Como se sabe, as colônias espanholas na América eram marcadas por uma aguda exploração do trabalho, sobretudo indígena, realizada através de diversos tipos de trabalho compulsório e escravo, tanto nas minas como na agricultura. São bastante conhecidas, desde o inicio da colonização, as situações desumanas em que a população indígena e negra foi submetida no Novo Mundo, em particular na exploração das minas de prata em Potosí e de mercúrio em Huancavelica. Entretanto, este não era o único antagonismo que balizava a América espanhola. Os crioulos, isto é, pessoas de origem espanhola, ou de outros países da Europa, nascidas no continente americano, não tinham igualdade de direitos frente aos espanhóis. Ocupavam poucos cargos na hierarquia estatal e religiosa, e estavam juridicamente impossibilitados de atingir os níveis mais altos da burocracia administrativa. Em contrapartida, tornavam-se cada vez mais numerosos, colocando um problema político peculiar. E é neste clima de tensão permanente entre os dois setores dominantes nas colônias, espanhóis e crioulos, e a profunda crise da metrópole após a invasão napoleônica, que Simón Bolívar entra em cena.

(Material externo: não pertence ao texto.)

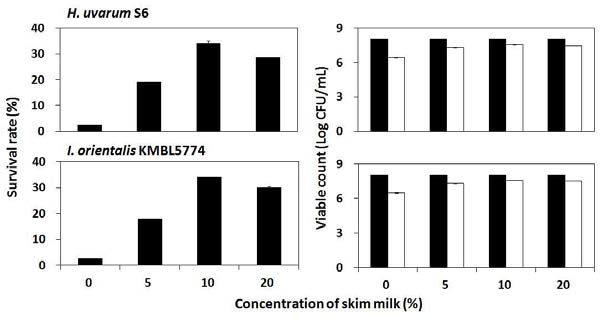 Effects of the concentration of skim milk on the survival rate and viable count of air-blast dried H. uvarum S6 and I. orientalis KMBL5774 cells under capsulation by Ca-alginate bead.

Conforme menciona Marx em seu artigo, como filho da rica nobreza crioula na Venezuela, Bolívar foi enviado a europa para estudar ainda com 14 anos. Vivendo no velho mundo no período que se segue ao turbilhão da revolução francesa teve contato com ampla literatura iluminista e presenciou a coroação de Napoleão como imperador. Neste sentido, não é estranho que os princípios os quais animavam a grande revolução na França marcassem presença nos textos e discursos de Bolívar desde aquela época. Em sua vasta obra, entre discursos e cartas, estão recheadas de menções a libertação da América do domínio espanhol e referências aos princípios liberais, como neste trecho da Carta ao Governador de Curaçao: “Por três séculos gemeu a América sob esta tirania, a mais dura que afligiu a espécie humana; por três séculos chorou as funestas riquezas que tanto atrativo tinham para seus opressores”. Vários de seus escritos consistem em verdadeiras odes à liberdade remetendo a um futuro grandioso para o Novo Mundo. Entretanto, até que ponto esta retórica ilustrada coincidiu com existência prática do próprio Bolívar? Voltemo-nos então para o seu papel nas independências latino americanas, isto é, o cruzamento entre a teoria por ele difundida e sua existência efetiva.

Antes de querer conduzir as classes exploradas à participação política, o movimento de independência iniciado por Bolívar na Venezuela foi pautado, pelo contrário, no temor das mobilizações destas mesmas classes. Este temor da elite crioula se intensificou desde a conquista da Espanha em 1808 pelo exército de Napoleão Bonaparte quando perderam o respaldo militar da metrópole. Não por acaso o próprio Bolívar teria dito que uma revolta negra seria “mil vezes pior do que uma invasão espanhola”(1). Não se pode esquecer que os crioulos que estavam a frente do movimento de independência eram aristocratas rurais e escravocratas.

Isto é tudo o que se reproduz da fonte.